I'm not a fan of government committees. But I think Premier John Hamm should strike a task force involving convenience store operators, police and government to look for ways to help protect store clerks and their customers. Otherwise, it's only a matter of time before someone pays with their life, like Yancy Meyer or Albert Nasrallah.

Clearly something has to be done, says Matthew Meyer, whose son Yancy, 19, was stabbed repeatedly by a robber at an Antigonish Needs store in May 2001. The government has to do something and it has to be on a province-wide basis.

In the 211/42 years since Yancy's murder, the only effort on the matter was an NDP bill that included one clause that would have required government to enact workplace violence regulations. The Hamm government never called the bill to a vote.

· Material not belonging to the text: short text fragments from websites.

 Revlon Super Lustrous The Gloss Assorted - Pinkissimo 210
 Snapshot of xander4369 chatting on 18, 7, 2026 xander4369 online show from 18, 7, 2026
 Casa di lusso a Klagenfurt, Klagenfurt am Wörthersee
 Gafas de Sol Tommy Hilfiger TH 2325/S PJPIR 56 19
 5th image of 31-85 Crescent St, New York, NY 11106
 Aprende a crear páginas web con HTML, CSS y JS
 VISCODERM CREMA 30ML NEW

Sid Chedrawe, chairman of the Independent Food Stores Association, recalls a similar lack of results after Nasrallah, a Dartmouth shopkeeper, was fatally stabbed by a crack-crazed robber in 1997. Frightened store owners met with police officials and were told they would work together.

It went no further. We met once or twice and that was it, Chedrawe said.

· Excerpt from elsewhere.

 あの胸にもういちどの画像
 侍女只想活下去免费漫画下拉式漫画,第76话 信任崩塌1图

The problem is, any real effort to protect store clerks from violent robbers will cost money. Many independent stores don't have a lot of cash to invest in extra staff and security measures. And in tight financial times, government is loath to start spending in new areas. But I guarantee you that if thugs with pistols and knives were holding up downtown Halifax law firms every day of the week, the government would bloody well do something about it. And fast.

Sadly, government has decided that robbery is simply a cost of doing business for convenience stores. The people whose lives are at risk lack political clout: independent stores are often owned and operated by immigrant families, and chain stores are staffed by people making little more than minimum wage.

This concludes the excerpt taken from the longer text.